Douglas Arthurs (Heru-ur)


  • I can't really remember much about his talks. Eek! I think he was the guest who said they liked British Sci-Fi, namely Red Dwarf and Doctor Who.



Jay Acovone (Kawalsky)


  • I can't remember much of what Jay said either. He didn't seem anywhere near as lively as he was at SG-3.
  • He reiterated how he felt about being killed in the second episode. For those of you who don't know, Kawalsky was originally supposed to be played by the film actor, so they wrote it so that he wouldn't have to be in it for long. But then he dropped out, and Jay got the part, but the first ten episodes or so were already written. So they couldn't change it so that he didn't die. :(
  • I think he also told us about torturing Mulder in The X-Files. Mwahahaha.

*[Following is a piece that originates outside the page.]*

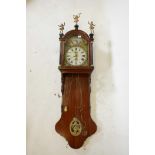 A C19th German walnut weight driven wall clock with arched and painted dial, sun and moon phase,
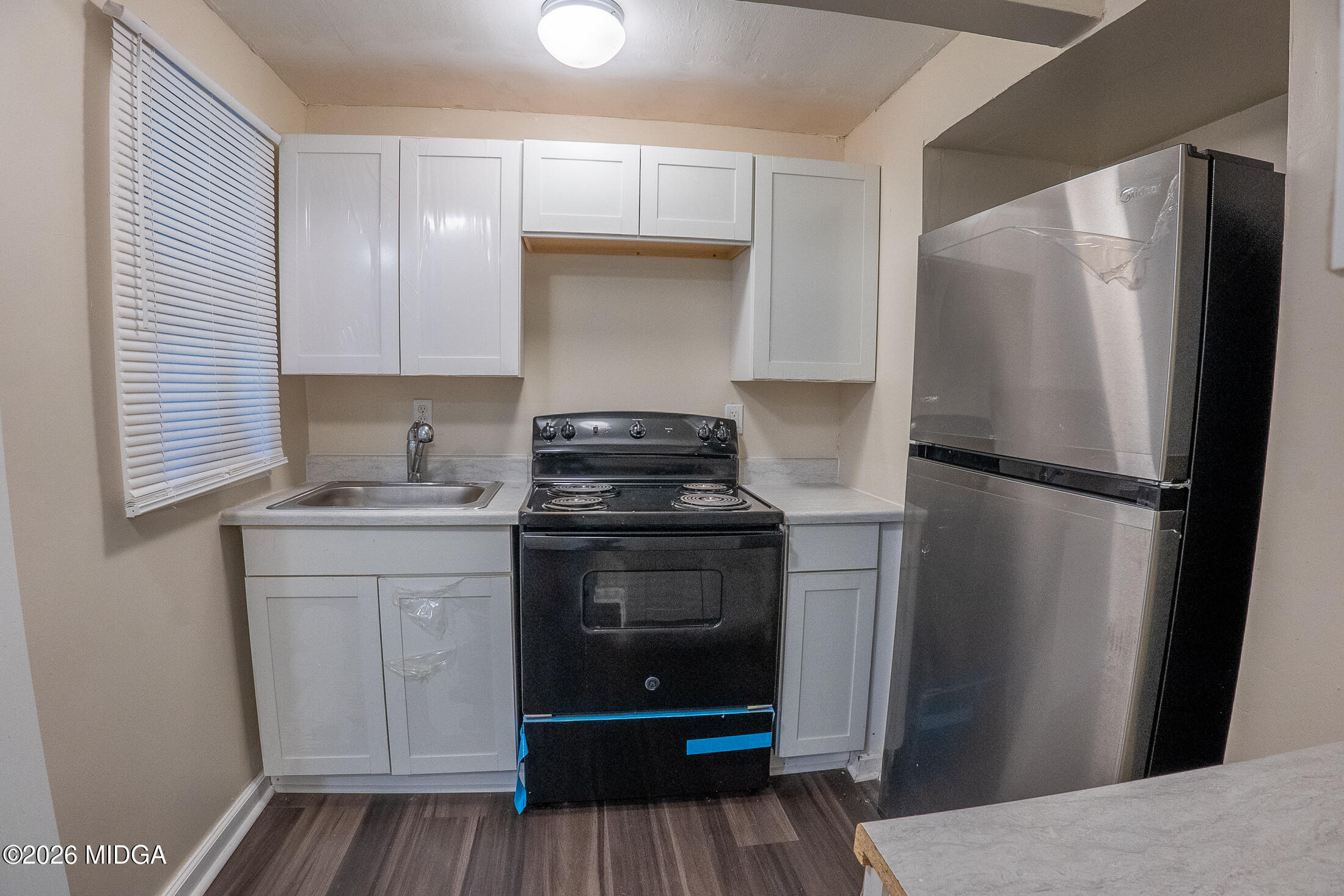 1957 Kitchens Road Macon, GA 31211 - Photo 7 of 18 a kitchen with a refrigerator and a stove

Jacqueline Samuda (Nirrti)


  • She gets really excited because she thinks she's going to be in episodes a lot, then it turns out she's invisible...
  • In an upcoming episode she gets to take each of the SG-1 team into a room and have her way with them. :D
  • She reckons that Nirrti does everything she does for good. Nirrti thinks she's benefitting mankind by helping evolution along. She would never admit she's bad.
  • I think she was the guest who mentioned the "Teal'c mirror". All the guest stars do a Teal'c impression, and the photos are stuck round a mirror in makeup.


Garwin Sanford (Narim)


  • He talked at some length about his "underwear epiphany". This stemmed from the frequently asked question, "boxers or briefs". Apparently when he was a student he washed all his clothes apart from the jeans and top he was wearing. While the things were being washed, he decided that it was far more comfortable to go commando. He no longer went along with society's lies! He says this "underwear epiphany" was a defining moment in his life. Heh.
  • He was very annoyed with JR Bourne, since when he came back to Stargate, hoping to rekindle romance with Carter, he discovered she had a thing for Martouf. He asked a question about this during JR's talk. Oh, and he kept calling Martouf "Melmak". Which was odd. :)
  • In Enigma he was wearing what he called a "body condom". The suit zipped up at the back, and was really hot. Not only that, but it was an inch too short so he kept hunching over. Having to hug a really hot cat didn't help matters! So when he came back to Stargate they gave him pyjamas to wear instead. :)
  • He seems to have an interesting opinion of Narim. He calls him a "wet noodle" stalker.
  • One of his worst acting jobs ever was on Dark Angel. The part he auditioned for (and got) was one of a scientist. When he got the script, he couldn't find himself in it. It turned out that his part had changed to that of a large breasted priest? I'm sure that's what he said! It was definitely a priest, anyway..!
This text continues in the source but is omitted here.